David Clough David Clough, 33 years old and a handsome guy (apologies for this comment to Mrs Clough), is the director of Kilmartin House Trust.

Tell us something about your work...

I'm not an archaeologist. My role has been in the infrastructure, so raising the money, managing the building, controlling the team of people who are working here and making this system financially sustainable. We don't get any grants. I have to go to the local Council and say "Please, we are doing a very good job here". But the people who run the education department... They can't see the use for a museum because they are so behind!

How does the Kilmartin House Trust is organized ?

This is a charitable trust, so there is no one making a profit or share holdings. It's just ten young people who started working for nothing. But we still owe the bank and another people another £ 150,000 which is a lot of money. And the money we take in the cafe and the shop is not enough to keep ten people yet. But within a year this will change.

In the museum there are just a few artifacts. Why?

Kilmartin has been a Mecca. People for two centuries kept coming an taking things away. There is nothing left. We have monuments but we don't have any artifacts. So starting a museum was difficult because it had to be done 100% on loans. So, I had to go to the British Museum and to Edinburgh saying "Please, what do you want to do?" At the British Museum in London they took things out of their cases and said "We'd be delighted if you took them back home: Kilmartin is the best place for them". Edinburgh, the other way round: they think the best place for their material is Edinburgh, so we've been fighting.

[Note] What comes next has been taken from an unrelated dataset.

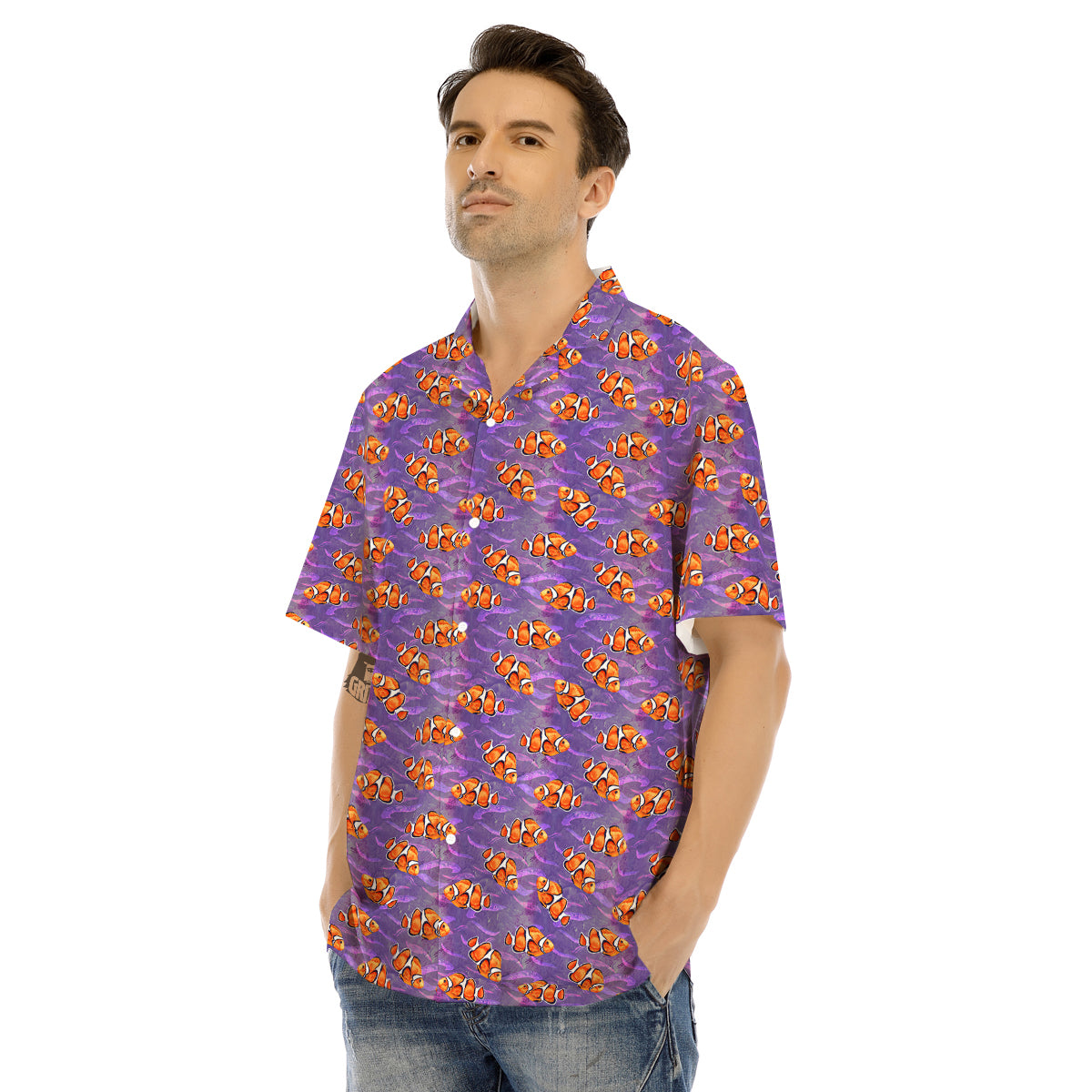 Clownfish Watercolor Purple Print Pattern Men's Hawaiian Shirt-grizzshop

Edinburgh has got a 70 millions pounds new museum in november. They prefer building a new museum in Edinburgh instead of supporting satellite things as here.

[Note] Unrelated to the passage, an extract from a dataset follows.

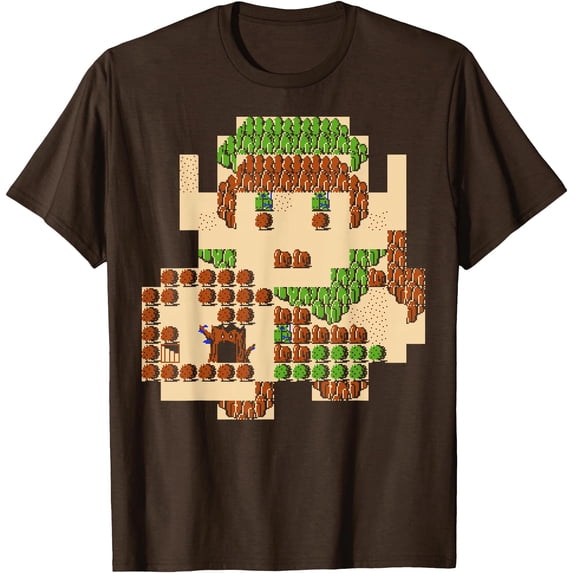 Legend of Zelda Link Portrait 8-Bit Map Graphic DTG Print Unisex T-Shirt,Dark Chocolate Color,Size XL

What's wrong with big museums?

I think that all the big museums are just too big. We have a problem in Scotland, where the rural areas are definitely low. The people who make decisions are in Edinburgh. They never lived in the country, they only occasionally visit. I don't want to take everything from Edinburgh and put it in Kilmartin. There should be two exhibitions: one in Edinburgh and one here. But they don't talk a compromise: they want everything in Edinburgh and nothing here.